[EXERCISE INPUTS]

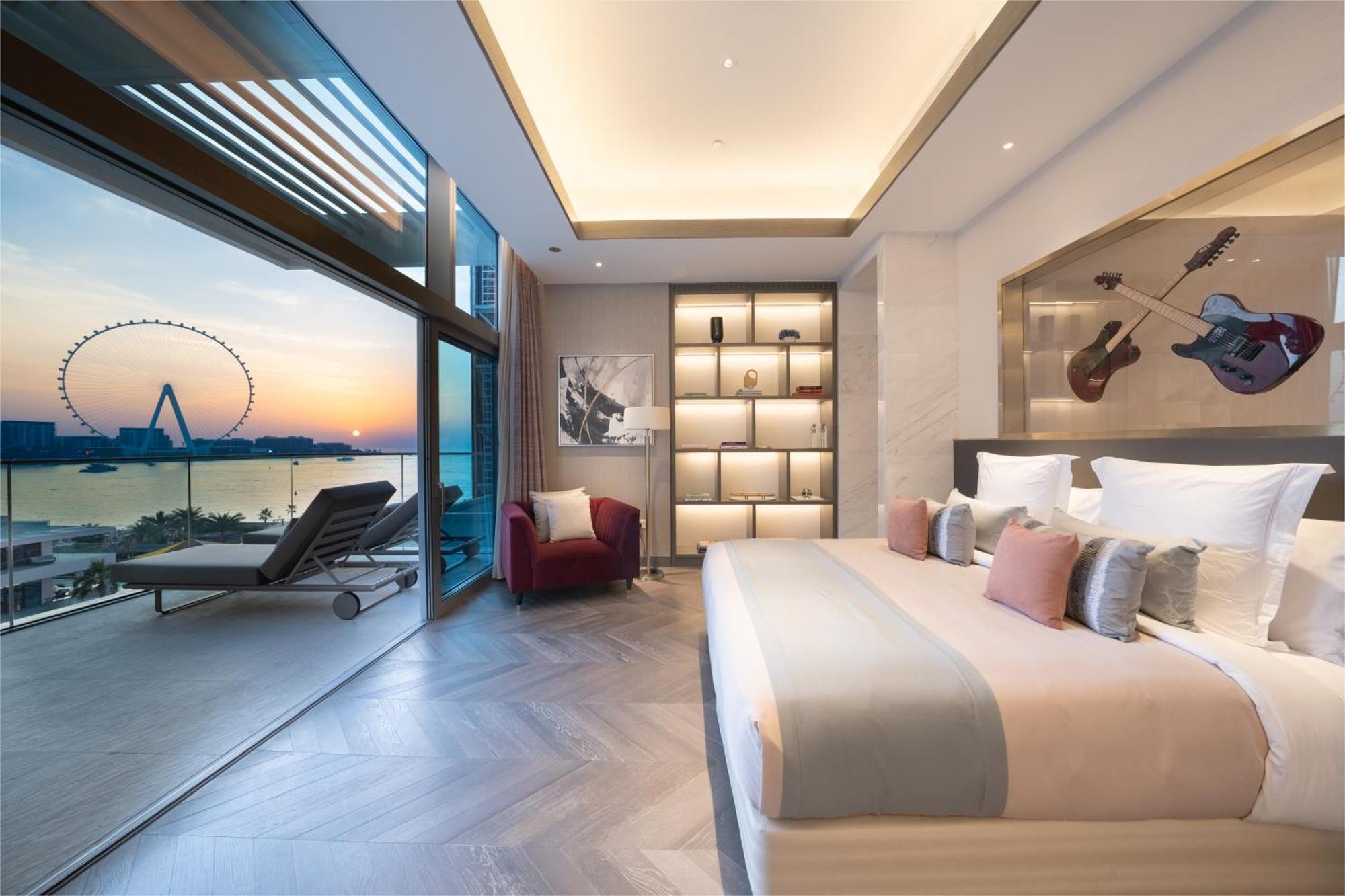 Five Luxe Hotel ดูไบ ภายนอก รูปภาพ The bedroom of a Sky Suite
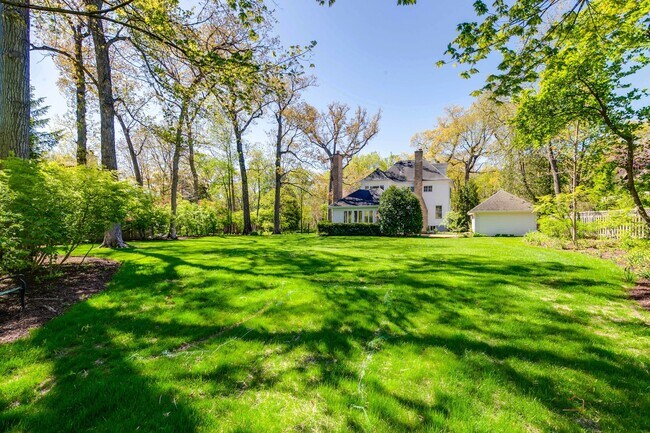 Building Photo - 544 Ravine Ave
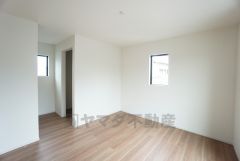 住む人のこだわりを活かす洋室＾＾日当たりがよく、寝室としての利用もおすすめ。広めのクローゼットもあり荷物もすっきり片付けれ、ゆとりのある暮らしが出来ます＾＾
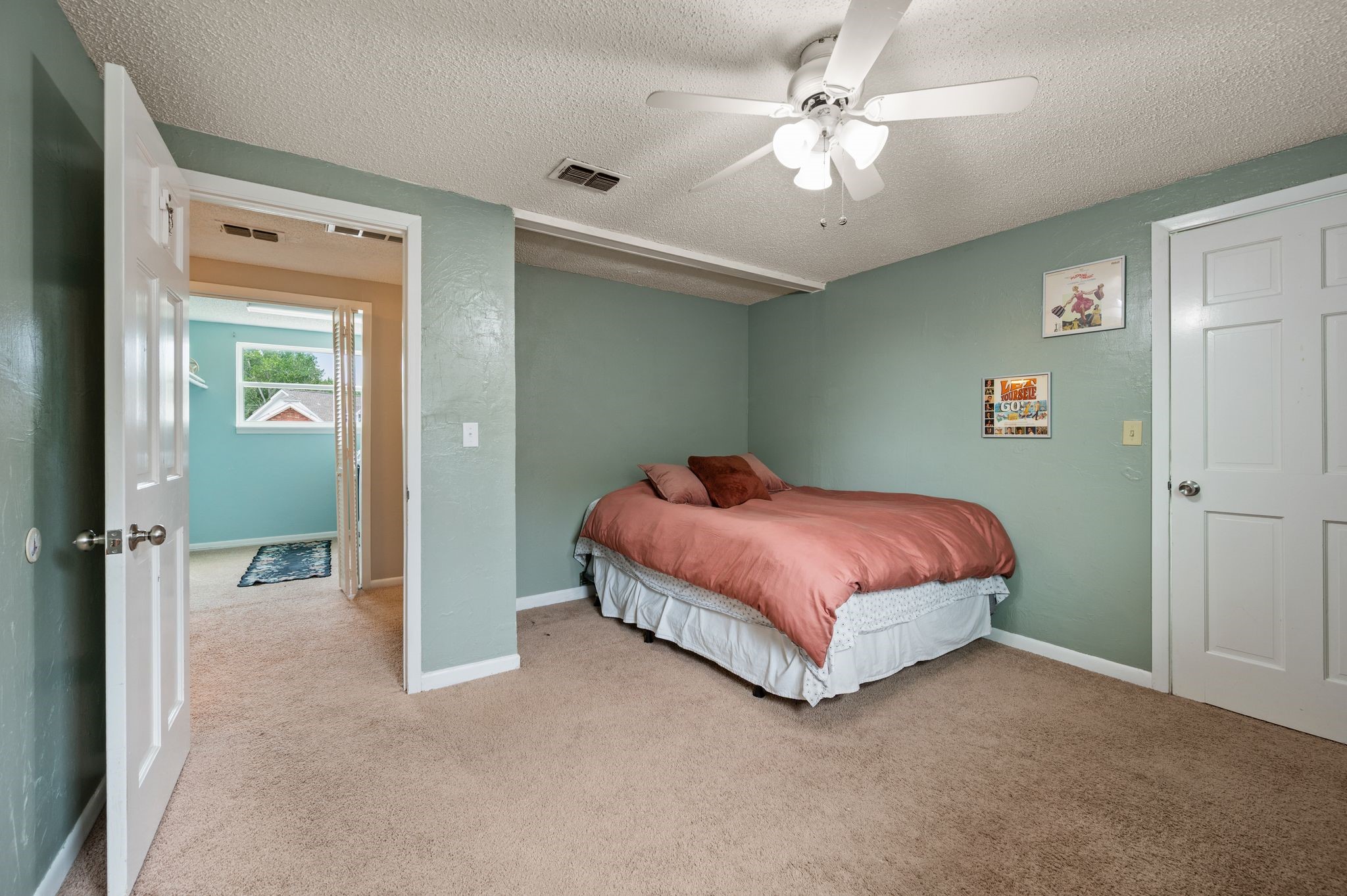 404 Brookview Drive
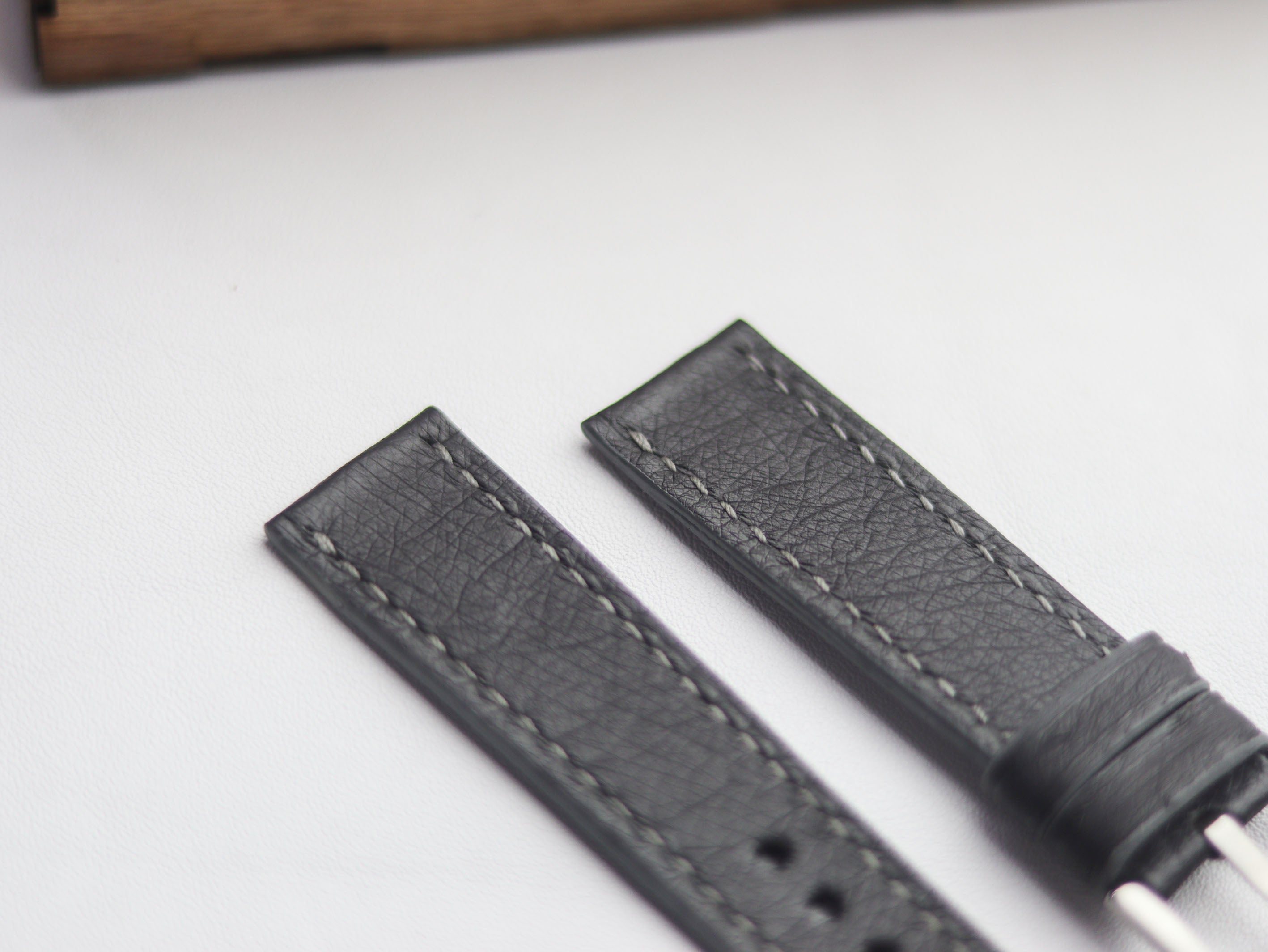 OSTRICH SKIN WATCH STRAPS - SHARK GRAY (NON-FOLLICLE)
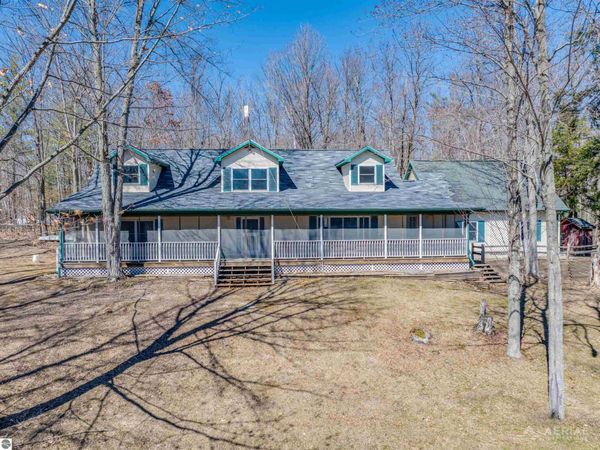 7090 Nancy K Drive, Hale, MI 48739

[/EXERCISE INPUTS]

**TASK INSTRUCTIONS**
Exact copy, no pictures: reproduce every record above.

**ANSWER AREA**
 Five Luxe Hotel ดูไบ ภายนอก รูปภาพ The bedroom of a Sky Suite
 Building Photo - 544 Ravine Ave
 住む人のこだわりを活かす洋室＾＾日当たりがよく、寝室としての利用もおすすめ。広めのクローゼットもあり荷物もすっきり片付けれ、ゆとりのある暮らしが出来ます＾＾
 404 Brookview Drive
 OSTRICH SKIN WATCH STRAPS - SHARK GRAY (NON-FOLLICLE)
 7090 Nancy K Drive, Hale, MI 48739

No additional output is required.